Algemeen Nederlands
Had ik geweten dat het zo gevoelig lag, ik was er nooit over begonnen. Wie verwacht er nu in s hemelsnaam dat zon simpele opmerking de gemoederen zo zou verhitten. Maar hoe gaat dat? Je hebt net deelgenomen aan een belangrijke gewestvergadering en je wil het selecte gezelschap toch nog wat aanbieden. Je kiest het deftigste etablissement van je dorp uit om de voorname dames en heren iets aan te bieden. Ik dacht er goed aan te doen bij het heffen van het glas nog een vriendelijk afscheidswoordje te mogen plaatsen. Vrienden zei ik, ik hoop dat de goede sfeer van deze avond mag blijven doorwerken en dat jullie nog vaak naar het Pajottenland zullen willen terugkomen. Meer niet. Onmiddellijk was er die reactie van de dame uit Dilbeek. Met een overdreven kordaat gebaar kwakte ze haar portoglas op het viltje en sneerde venijnig: wat bedoel je met terugkomen?
Een beetje van mijn stuk door de agressieve toon probeerde ik voorzichtig: eh, ik bedoel, als jullie nog eens naar hier... Dat is het, naar hier. Dilbeek is toch even goed hier als hier! Dilbeek is toch even goed Pajottenland als hier?
Louis, een wijs maar goedlachse Gooikenaar reageerde met alee, alee, ge gaat Dilbeek toch geen Pajottenland niet meer noemen zeker, Dilbeek, das Brussel!
En toen zat het erop. De beschaafde mannen en vrouwen, die eerder op de dag moeilijke dossiers op een voorbeeldige manier hadden bediscussieerd, werden plots door een kwalijk virus aangetast.
De Dilbeekse dame kreeg meteen steun vanuit Anderlechtse hoek: mag ik erop wijzen sprak de eerbiedwaardige historicus die zijn woonst had in de schaduw van Sint-Guido dat het Pajottenland begint in Anderlecht, het staat duidelijk op de kaart van De Gronckel.

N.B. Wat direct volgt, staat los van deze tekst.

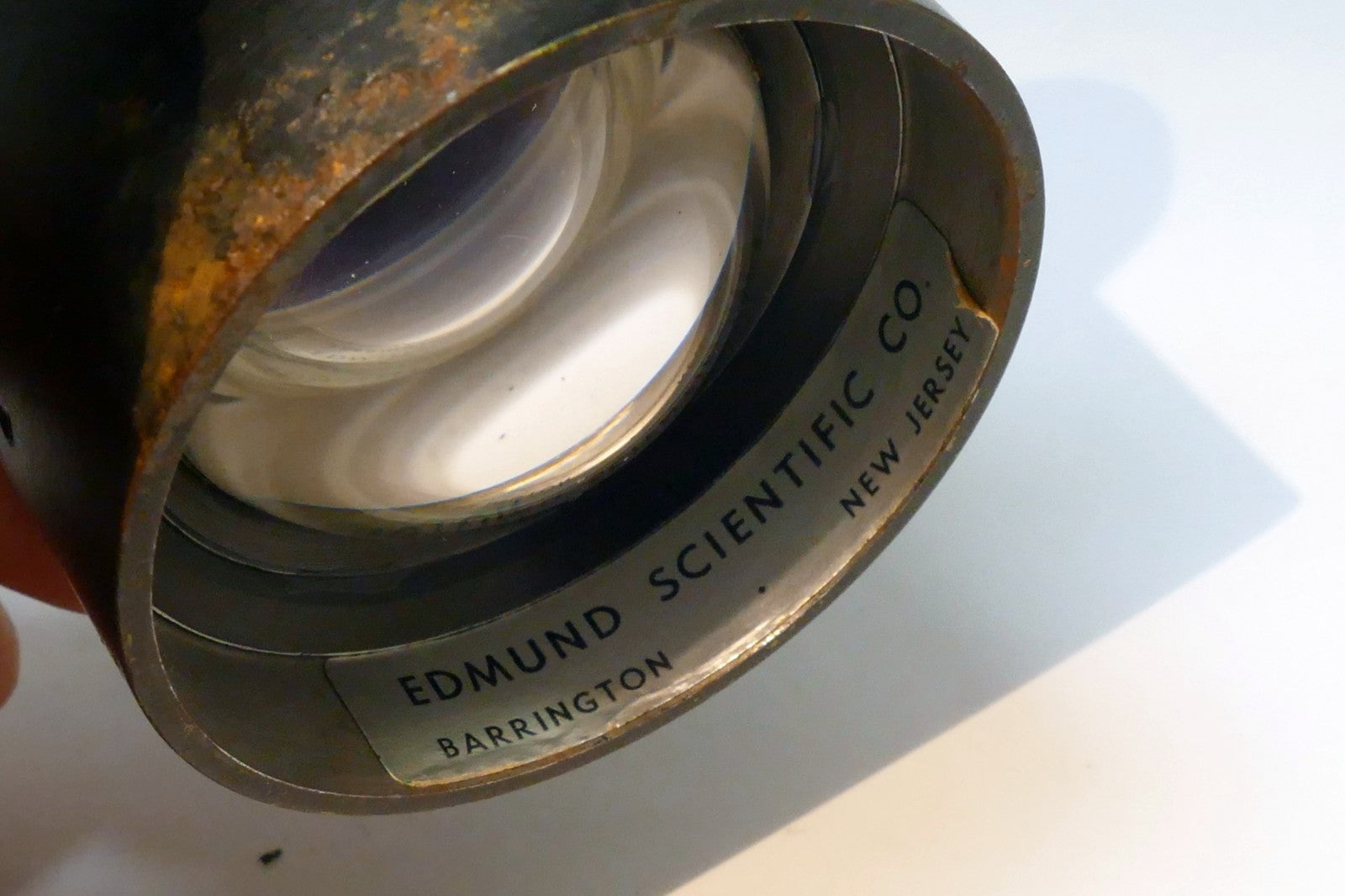 Edmund Scientific Convex Glass lens laser industrial optical planitar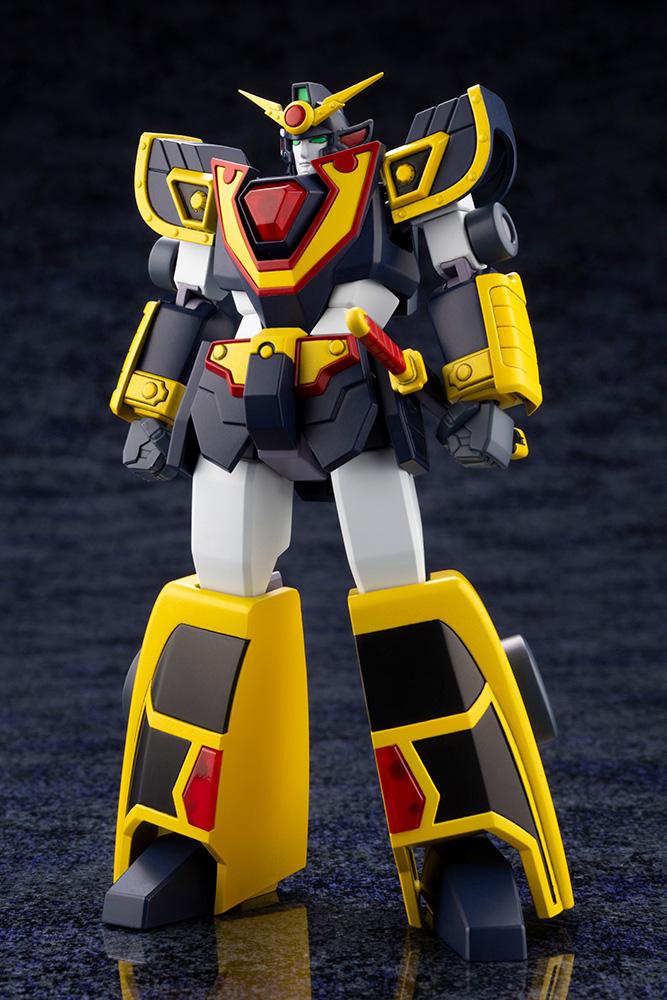 The Brave of Gold Goldran Dran & Great Goldran Parts Model Kit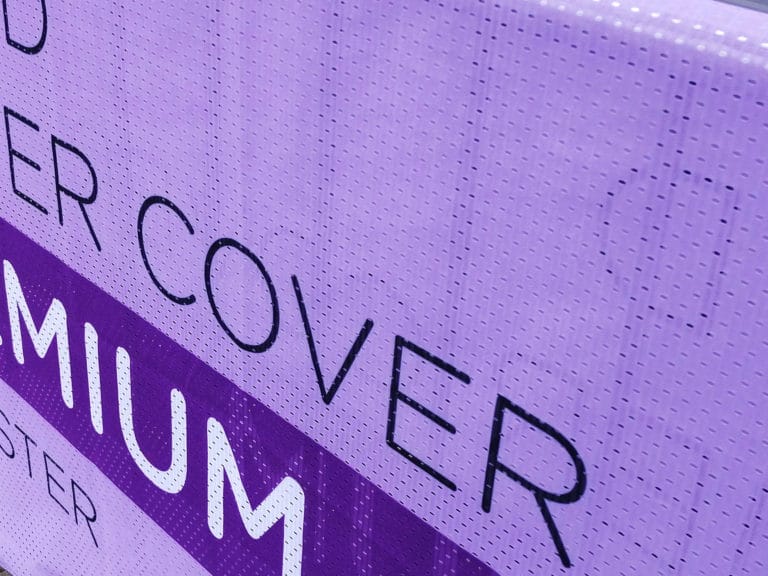 Crowd Barrier Cover Premium Doublesided - Image 3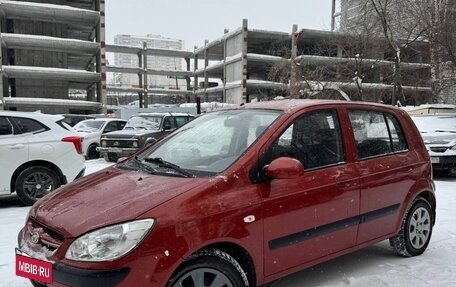 Hyundai Getz I рестайлинг, 2008 год, 510 000 рублей, 4 фотография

De Gronckel? Laat mij niet lachen, bulderde de gewezen koordirigent uit Liedekerke. De Gronkel was een fantast, een zeveraar. 't Pajottenland, dat zijn de dórpen tussen Halle, Ninove en Edingen. De broers uit Ternat en Asse knikten instemmend, maar de kloosterzuster uit Onze-Lieve-Vrouw-Lombeek boorde zijn stelling de grond in: Mijn waarde toch, ik heb twintig jaar in Liedekerke gestaan, ik zal het wel weten zeker. Het Pajottenland, dat ziet ge! In Liedekerke, Ternat en Asse, daar staat 't een huis tegen 't ander en daar overal nog een tussen. Strijtem, Pamel en Wambeek misschien, maar al wat er boven ligt zeker niet meer, geloof mij maar.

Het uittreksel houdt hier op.